Ellen asked me if I had a change of clothes. Of course, I didn’t. All I had was a ratty old zip-up sweatshirt that I wore when the air conditioning got too cold. I was determined to make it through the day somehow, though. If I didn’t, it would mean admitting that But I have a rain jacket! was a stupid reason to ride through the rain.

I spent the whole day in my wet shorts. I made the mistake of sitting on my upholstered chair for the first hour, soaking it, and I therefore spent the rest of the day sitting on the absolute front end of it. At some point I could not take the wet shirt any more, and swapped it for the ratty sweatshirt. I felt better for a bit, until I looked down and realized that my wet bra had soaked through the sweatshirt, leaving two giant wet patches on my chest. Stellar. Stupid rain jacket.

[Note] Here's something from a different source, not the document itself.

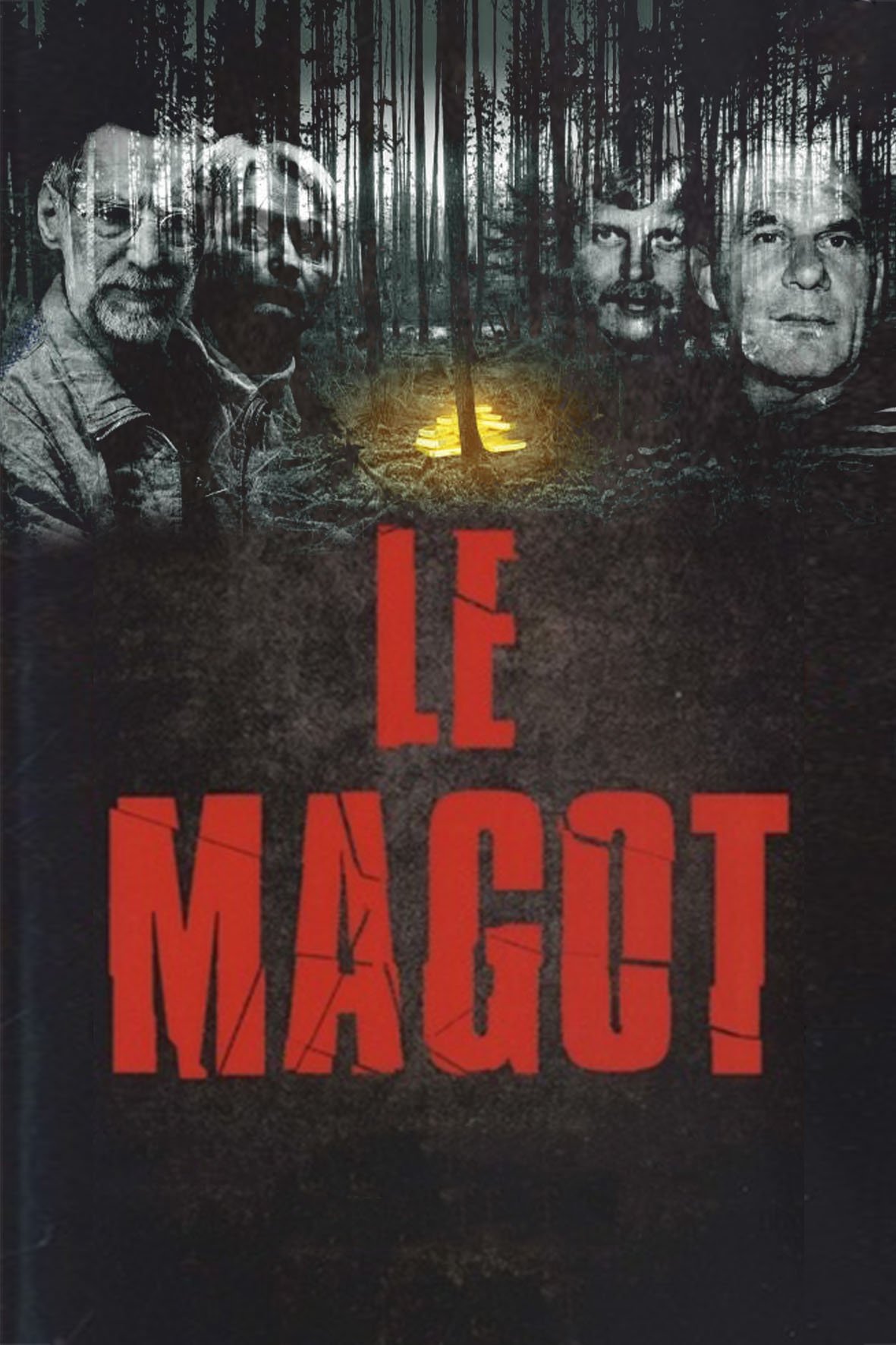 Poster de Le Magot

At this point, I had lost all desire to look presentable. I now had a soaking wet desk chair that I could not sit in, a soaking wet shirt over my visitor chair, and a bra hanging off the corner of my desk. (Yes, I look it off. Yes, I felt creepy doing so, but it was my best option. Shut up.) I closed my door, thanking the greater powers that I did not work in a formal office, that I had a door to close, and that no one ever, ever came to my office to talk to me.

That was the moment that someone knocked on the door. I kept myself from beating my head on my desk only by reasoning that I better hide my bra before opening the door.

Thankfully, the knocker turned out to be a very nice coworker of mine that pretended not to notice my pathetic state.

So, anyway, lesson learned. No riding to work when it is clearly going to rain. My rain jacket will not keep me dry.

I started a new training plan yesterday, and it says that I’m supposed to ride to work tomorrow. The forecast says a chance for thunderstorms, and I will admit that despite the fact that I just told this story, I’m still telling myself that it might be okay to ride.

If I’m still feeling that way in the morning, I’ll try to remember what it felt like to ride back home wearing still-wet shorts and underwear. If that doesn’t stop me, I don’t know what will.

1 comment:

Shannon said...

I am so hating this current weather, because thunderstorms are forecasted every single day, and yet usually it only rains for like 15 minutes, if that. But then you rearrange your whole day's activities for that stupid 15 minutes of rain.